*** The records ***
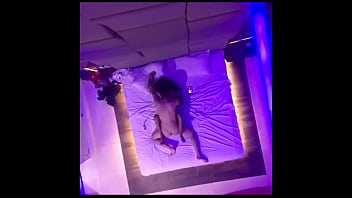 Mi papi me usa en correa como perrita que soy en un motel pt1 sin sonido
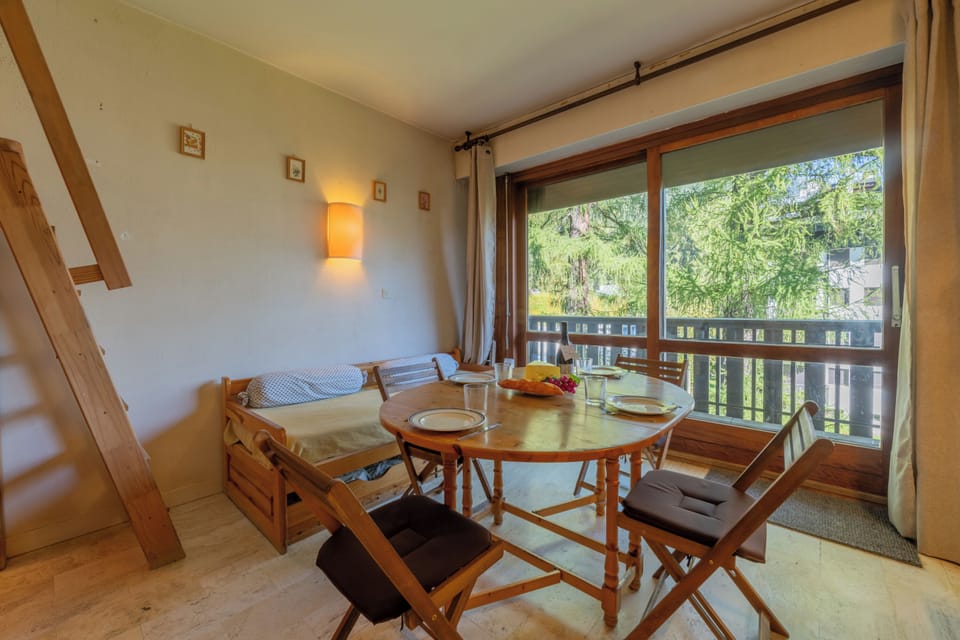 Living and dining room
*** End of The records ***
*** The records ***
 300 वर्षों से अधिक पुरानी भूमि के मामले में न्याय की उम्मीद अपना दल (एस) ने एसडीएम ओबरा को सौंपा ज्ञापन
*** End of The records ***
What to work on — Starting at the line above that holds "Mi papi me usa", repeat every line exactly down to and including the line that holds "Living and dining room", then stop. Do not carry over any pictures.

Completed exercise —
 Mi papi me usa en correa como perrita que soy en un motel pt1 sin sonido
 Living and dining room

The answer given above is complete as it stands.